WASHINGTON: Despite the acquisition of IBM’s server business, Lenovo’s server shipments dropped over 20% on year in 2015 and the company is pushing aggressively to land datacenter orders from clients such as Baidu, Alibaba and Tencent, according to sources from the upstream supply chain, adding that the China-based vendor is looking to ship one million servers in 2016, up 40% from those in 2015.
Lenovo became the third-largest server brand vendor worldwide after the acquisition of IBM and saw major increases in revenues and market share in 2015; however, its combined shipments in 2015 were lower than the previous year.
Digitimes Research’s data also showed a similar trend. Worldwide server shipments were about 9.71 million units in 2015, down 6.3% on year, while Lenovo’s shipments combining with those from IBM were 650,000-700,000, down 22-27% on year.
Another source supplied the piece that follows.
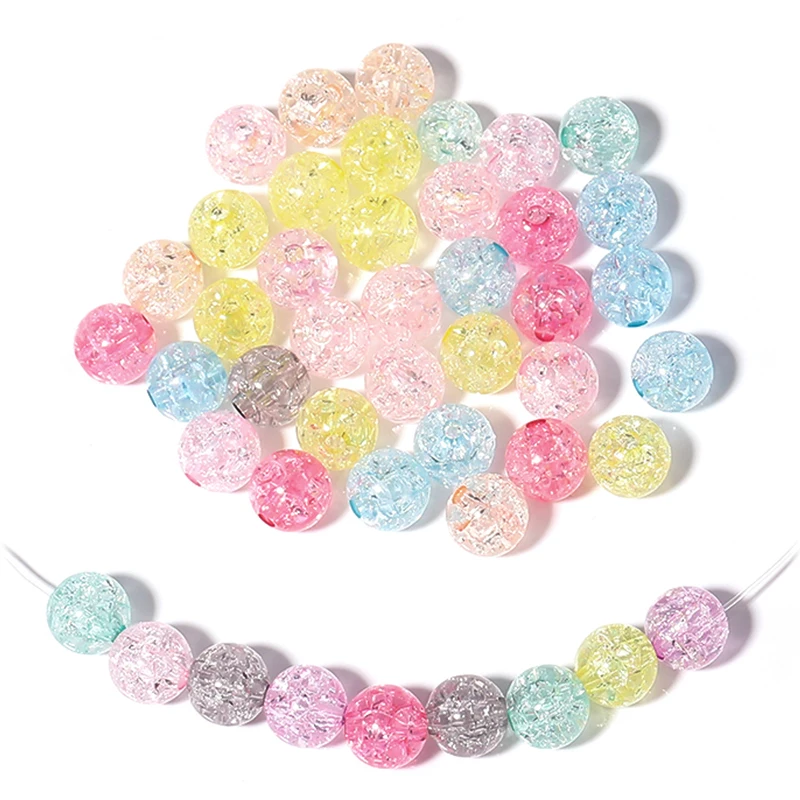 50-100pcs/Lot 6 8 10 12mm Round Crackle Beads Loose Spacer Acrylic Beads For Jewelry Making Charm Beads DIY Bracelet Necklace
The sources believe Lenovo’s shipment drop was due to weakening demand from the traditional enterprise server market as the market is the main business source of both Lenovo and IBM’s server business. Despite rising datacenter server demand, Lenovo is at a disadvantage due to its late entry.
In addition, with Lenovo still integrating the two departments’ personnel and product lines, some of IBM’s original clients shifted orders to other ODMs. However, with the integration almost complete, the issue has started to diminish.
For 2016, Lenovo has upgraded its server products with Intel’s latest platform and has become more flexible over its component purchasing in order to release more price competitive products.